106. What is a cost-based optimizer?
A cost-based optimizer chooses the query execution plan with the lowest estimated cost, based on statistics and resource usage.
107. What is a database statistic?
Database statistics provide metadata about data distribution, like row counts or index usage, used by the optimizer for efficient plans.
108. What is a histogram in database statistics?
A histogram shows the distribution of data values in a column, helping the optimizer estimate query selectivity and plan efficiency.
109. What is a database buffer?
A buffer is a memory area that temporarily holds data being read or written, reducing disk I/O and improving performance.
110. What is a database cache?
A cache stores frequently accessed data in memory to speed up retrieval, reducing the need for repeated disk access.
111. What is a rollback segment?
A rollback segment stores old data during transactions, enabling ROLLBACK to undo changes if a transaction fails.

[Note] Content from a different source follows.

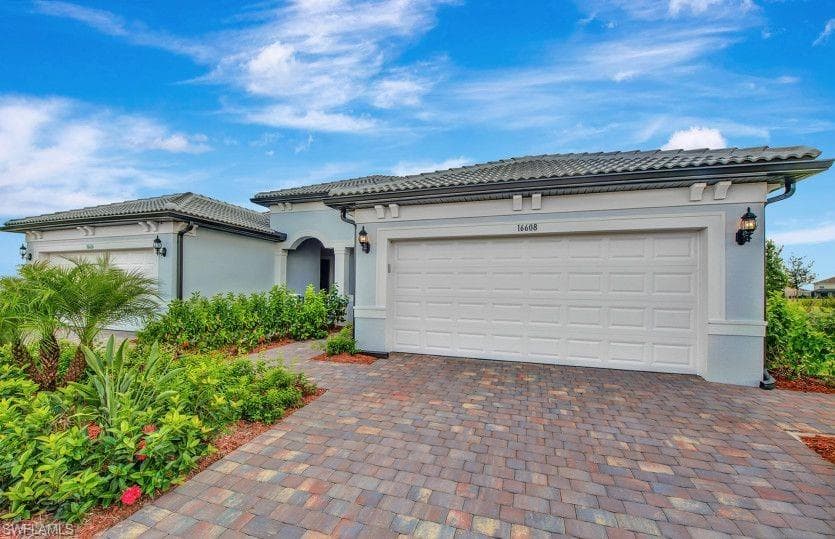 16724 Rolling Rock BLVD ALVA, FL 33920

112. What is a database snapshot?
A snapshot captures the state of a database at a specific point, used for reporting or recovery without affecting the live database.
113. What is database replication?
Replication copies and maintains database data across multiple servers, ensuring availability, fault tolerance, and load balancing.

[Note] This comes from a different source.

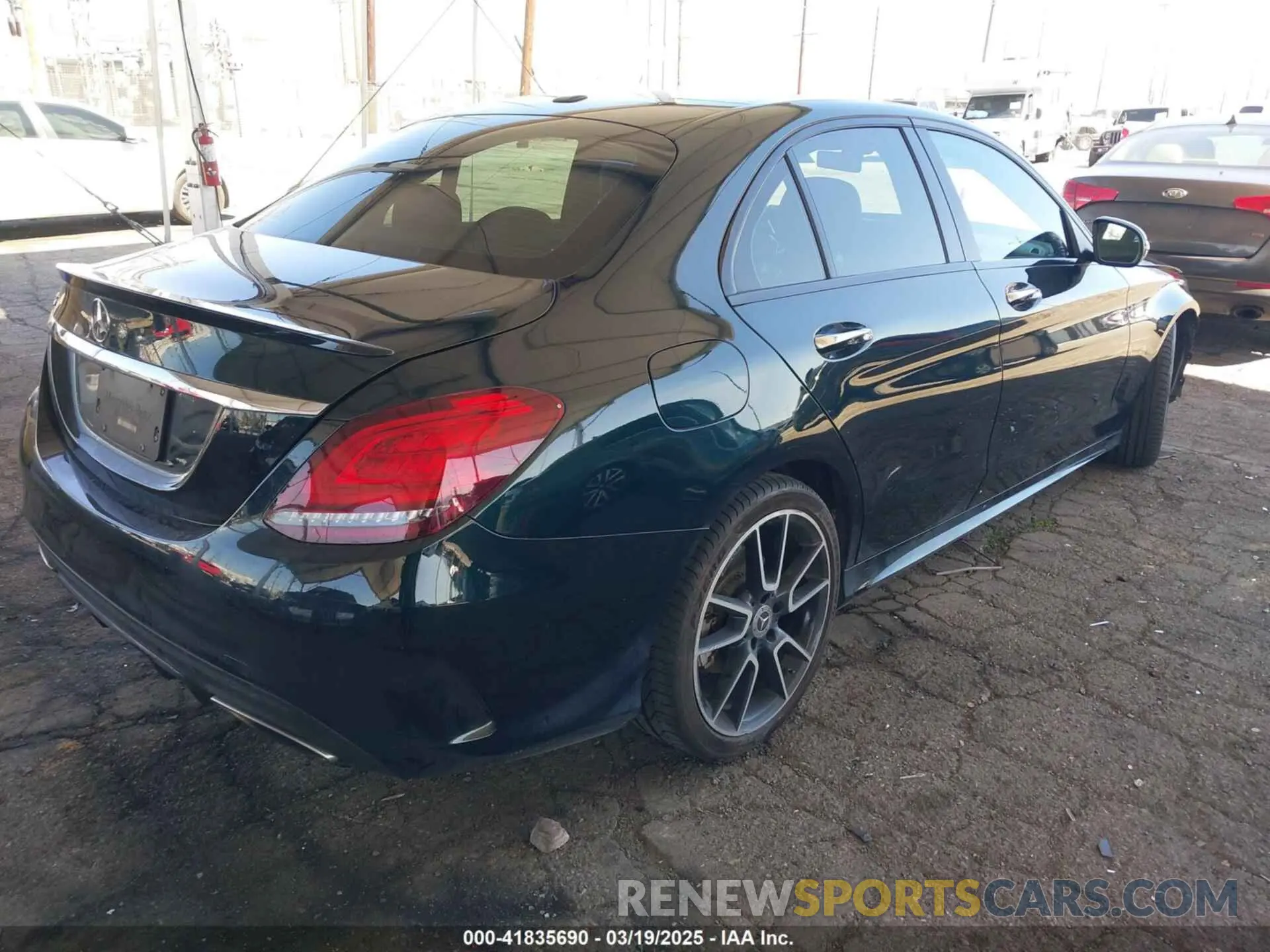 4 Photograph of a damaged car WDDWF8DB0KR506709 MERCEDES-BENZ C 300 2019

114. What is master-slave replication?
Master-slave replication involves a master database handling writes, with slaves copying data for reads, improving scalability.
115. What is multi-master replication?
Multi-master replication allows multiple databases to handle writes, synchronizing changes across all masters, but it’s complex to manage.
116. What is database sharding?
Sharding splits a database into smaller, independent pieces (shards) distributed across servers, improving scalability and performance.
117. What is the difference between sharding and partitioning?
Sharding distributes data across multiple databases, while partitioning splits a single table within a database for better management.
118. What is a distributed database?
A distributed database stores data across multiple physical locations, managed as a single system, improving scalability and availability.
119. What is CAP theorem in DBMS?
CAP theorem states a distributed database can only guarantee two of three properties: Consistency, Availability, and Partition Tolerance.
120. What is eventual consistency?
Eventual consistency ensures that, given enough time, all replicas in a distributed database will converge to the same state.
121. What is a NoSQL database?
A NoSQL database handles unstructured or semi-structured data, offering flexibility and scalability for non-relational data models.
122. What are the types of NoSQL databases?
NoSQL databases include Key-Value, Document, Column-Family, and Graph databases, each suited for specific data needs.
123. What is a key-value store?
A key-value store is a NoSQL database that stores data as key-value pairs, offering fast retrieval for simple queries.
124. What is a document store?
A document store is a NoSQL database that stores semi-structured data as JSON or BSON documents, supporting flexible schemas.
125. What is a column-family store?
A column-family store organizes data in columns instead of rows, optimized for large-scale analytics and big data.
126. What is a graph database?
A graph database stores data as nodes and edges, optimized for relationships and complex queries, like social networks.
127. What is MongoDB?
MongoDB is a NoSQL document store that uses JSON-like documents, supporting flexible schemas and horizontal scaling.
128. What is Cassandra?
Cassandra is a NoSQL column-family store designed for high availability and scalability, handling large-scale distributed data.
129. What is Redis?
Redis is an in-memory key-value store used as a cache or message broker, known for high performance and low latency.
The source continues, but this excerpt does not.